Liberty Mutual reported Q4 2024 net income of $1.2 billion and full-year net income of $4.4 billion, a sharp increase from $654 million and $213 million in 2023. Pre-tax operating income for Q4 reached $2.1 billion. “I’m pleased to report we closed the year with the strongest balance sheet in our history and our lowest combined ratio in 20 years, while never losing sight of the needs of our customers and partners.” – Liberty Mutual CEO Tim Sweeney.

The combined ratio improved to 91.5%, the lowest in 20 years. The underlying combined ratio dropped to 81.2%, with better frequency trends in Personal Lines and improved loss experience in Global Risk Solutions.

Net written premium for Q4 declined to $10.6 billion, reflecting strategic efforts to curb new business growth in Private Passenger Auto. However, Liberty is now pivoting to growth in select products, geographies, and distribution channels.

CAT losses fell 17% year-over-year, despite a $1.2 billion impact from the January 2025 California wildfires.

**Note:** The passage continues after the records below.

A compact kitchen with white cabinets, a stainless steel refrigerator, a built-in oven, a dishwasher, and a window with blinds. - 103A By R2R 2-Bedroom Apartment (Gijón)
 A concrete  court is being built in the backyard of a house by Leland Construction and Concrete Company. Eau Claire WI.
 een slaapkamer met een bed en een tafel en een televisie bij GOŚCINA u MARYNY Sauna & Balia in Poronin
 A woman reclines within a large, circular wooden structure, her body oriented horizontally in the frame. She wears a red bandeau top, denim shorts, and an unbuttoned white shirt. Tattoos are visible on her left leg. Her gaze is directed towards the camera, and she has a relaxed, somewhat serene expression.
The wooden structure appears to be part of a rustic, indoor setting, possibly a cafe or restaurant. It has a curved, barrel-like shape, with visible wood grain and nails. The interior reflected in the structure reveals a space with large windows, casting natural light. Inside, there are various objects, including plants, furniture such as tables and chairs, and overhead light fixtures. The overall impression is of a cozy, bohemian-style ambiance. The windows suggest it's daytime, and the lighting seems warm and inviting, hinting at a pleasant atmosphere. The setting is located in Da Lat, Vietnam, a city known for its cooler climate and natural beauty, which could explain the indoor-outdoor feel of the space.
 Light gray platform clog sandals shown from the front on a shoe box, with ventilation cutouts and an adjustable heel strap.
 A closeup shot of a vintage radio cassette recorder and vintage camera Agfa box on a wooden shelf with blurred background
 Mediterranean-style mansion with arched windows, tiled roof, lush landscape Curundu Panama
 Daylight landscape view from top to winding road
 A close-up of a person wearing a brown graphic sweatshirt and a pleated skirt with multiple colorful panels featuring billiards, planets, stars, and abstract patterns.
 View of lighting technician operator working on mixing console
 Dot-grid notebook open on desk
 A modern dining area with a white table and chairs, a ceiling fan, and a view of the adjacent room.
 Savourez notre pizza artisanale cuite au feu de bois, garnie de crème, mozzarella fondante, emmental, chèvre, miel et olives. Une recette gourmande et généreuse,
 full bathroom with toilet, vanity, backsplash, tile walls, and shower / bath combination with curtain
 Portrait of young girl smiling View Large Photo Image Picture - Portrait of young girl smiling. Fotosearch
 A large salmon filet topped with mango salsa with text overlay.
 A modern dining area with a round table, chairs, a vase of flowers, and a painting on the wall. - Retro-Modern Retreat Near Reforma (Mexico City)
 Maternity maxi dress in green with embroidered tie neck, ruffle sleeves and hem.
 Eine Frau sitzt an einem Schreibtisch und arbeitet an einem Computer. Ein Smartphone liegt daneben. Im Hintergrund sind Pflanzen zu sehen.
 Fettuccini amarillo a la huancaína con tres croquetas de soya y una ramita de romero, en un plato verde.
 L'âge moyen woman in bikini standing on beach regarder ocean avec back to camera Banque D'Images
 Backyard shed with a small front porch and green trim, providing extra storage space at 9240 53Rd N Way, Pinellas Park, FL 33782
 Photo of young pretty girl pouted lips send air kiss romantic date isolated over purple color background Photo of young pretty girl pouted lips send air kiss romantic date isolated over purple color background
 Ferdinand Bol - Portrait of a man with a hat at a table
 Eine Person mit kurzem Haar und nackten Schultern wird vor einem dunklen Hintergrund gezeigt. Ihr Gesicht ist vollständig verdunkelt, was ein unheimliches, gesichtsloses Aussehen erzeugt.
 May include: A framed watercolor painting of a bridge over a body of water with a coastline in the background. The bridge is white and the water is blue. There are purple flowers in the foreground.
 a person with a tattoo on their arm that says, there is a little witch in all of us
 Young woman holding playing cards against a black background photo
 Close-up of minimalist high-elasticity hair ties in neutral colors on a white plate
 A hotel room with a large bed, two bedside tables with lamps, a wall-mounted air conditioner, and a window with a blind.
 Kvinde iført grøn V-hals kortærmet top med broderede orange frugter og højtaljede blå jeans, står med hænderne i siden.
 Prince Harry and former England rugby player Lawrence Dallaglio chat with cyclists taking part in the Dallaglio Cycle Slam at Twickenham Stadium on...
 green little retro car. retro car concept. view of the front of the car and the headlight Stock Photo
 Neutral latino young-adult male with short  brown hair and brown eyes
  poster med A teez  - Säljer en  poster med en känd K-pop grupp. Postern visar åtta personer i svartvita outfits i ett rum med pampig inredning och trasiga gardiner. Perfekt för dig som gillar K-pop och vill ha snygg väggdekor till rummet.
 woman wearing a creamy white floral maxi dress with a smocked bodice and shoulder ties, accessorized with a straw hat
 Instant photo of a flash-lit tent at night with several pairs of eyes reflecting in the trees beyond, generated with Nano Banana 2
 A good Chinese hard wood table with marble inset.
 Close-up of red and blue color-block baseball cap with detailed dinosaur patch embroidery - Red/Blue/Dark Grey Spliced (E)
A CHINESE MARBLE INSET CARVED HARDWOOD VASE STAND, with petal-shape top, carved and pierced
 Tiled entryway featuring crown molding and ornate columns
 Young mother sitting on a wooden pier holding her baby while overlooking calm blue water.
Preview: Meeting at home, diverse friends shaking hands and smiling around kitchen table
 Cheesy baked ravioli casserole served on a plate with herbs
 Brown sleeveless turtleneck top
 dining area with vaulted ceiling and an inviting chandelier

The company has divested from Asia, Western Europe, and Latin America and is now prioritizing organic growth, technology upgrades, and potential future acquisitions over immediate capital deployment. “And so no immediate plans to deploy large pieces of capital on anything inorganic. We will invest in the short term in resuming profitable growth in our organic business. We are looking to modernize our technology stack and deploy new technologies, which will take some capital. But for now, we are comfortable carrying excess capital until we determine the right strategic use for it.” 

Liberty stated that it increased marketing spend in Q4 and plans to continue investing, shifting focus from past inflationary challenges to future expansion.

Finally, Liberty Mutual’s CEO acknowledged rising insurance costs and the potential for regulatory pushback but emphasized that pricing reflects actual risk. He pointed to monetary inflation, worsening natural disasters, and exposure growth in high-risk areas as key factors driving rate increases. “Last I checked, the auto and homeowners insurance market in the U.S. was one of the most competitive — just turn your TV on, one of the most competitive marketplaces in the — of any industry. And so this is intense competition. We are pricing for the risk.”